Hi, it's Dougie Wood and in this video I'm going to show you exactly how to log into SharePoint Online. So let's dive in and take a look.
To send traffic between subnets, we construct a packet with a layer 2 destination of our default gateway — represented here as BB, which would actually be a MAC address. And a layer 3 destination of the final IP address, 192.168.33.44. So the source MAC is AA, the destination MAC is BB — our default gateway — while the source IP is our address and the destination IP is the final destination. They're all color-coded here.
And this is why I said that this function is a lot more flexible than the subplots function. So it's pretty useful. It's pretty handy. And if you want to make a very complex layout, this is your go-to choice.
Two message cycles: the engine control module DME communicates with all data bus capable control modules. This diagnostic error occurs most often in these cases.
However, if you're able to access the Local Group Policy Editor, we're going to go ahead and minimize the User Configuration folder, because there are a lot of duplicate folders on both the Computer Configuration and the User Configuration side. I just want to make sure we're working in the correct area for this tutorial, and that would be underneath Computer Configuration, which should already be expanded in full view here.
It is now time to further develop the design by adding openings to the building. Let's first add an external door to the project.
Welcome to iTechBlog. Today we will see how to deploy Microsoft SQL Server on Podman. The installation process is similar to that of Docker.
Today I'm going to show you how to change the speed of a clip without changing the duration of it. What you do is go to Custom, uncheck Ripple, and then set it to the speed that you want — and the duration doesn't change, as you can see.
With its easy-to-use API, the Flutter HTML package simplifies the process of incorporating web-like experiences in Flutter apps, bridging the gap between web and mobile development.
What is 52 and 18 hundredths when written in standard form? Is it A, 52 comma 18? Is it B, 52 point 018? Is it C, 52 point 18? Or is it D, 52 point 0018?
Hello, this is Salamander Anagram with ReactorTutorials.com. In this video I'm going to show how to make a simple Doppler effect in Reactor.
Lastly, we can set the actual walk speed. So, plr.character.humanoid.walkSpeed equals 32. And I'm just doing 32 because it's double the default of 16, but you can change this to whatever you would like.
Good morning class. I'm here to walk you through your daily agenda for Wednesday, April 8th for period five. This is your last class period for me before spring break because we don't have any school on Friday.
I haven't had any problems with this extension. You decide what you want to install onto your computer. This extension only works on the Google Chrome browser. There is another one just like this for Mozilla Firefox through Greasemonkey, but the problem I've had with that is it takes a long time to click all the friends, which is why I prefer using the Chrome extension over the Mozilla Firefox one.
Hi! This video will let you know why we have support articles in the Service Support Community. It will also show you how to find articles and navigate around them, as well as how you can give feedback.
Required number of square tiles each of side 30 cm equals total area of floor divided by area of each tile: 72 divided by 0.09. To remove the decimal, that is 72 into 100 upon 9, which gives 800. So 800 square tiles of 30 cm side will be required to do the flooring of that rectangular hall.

··········

## Assignment
Among the lines of the preceding listing, count those that contain the string "video"; state the count and nothing further.

## Completed exercise
3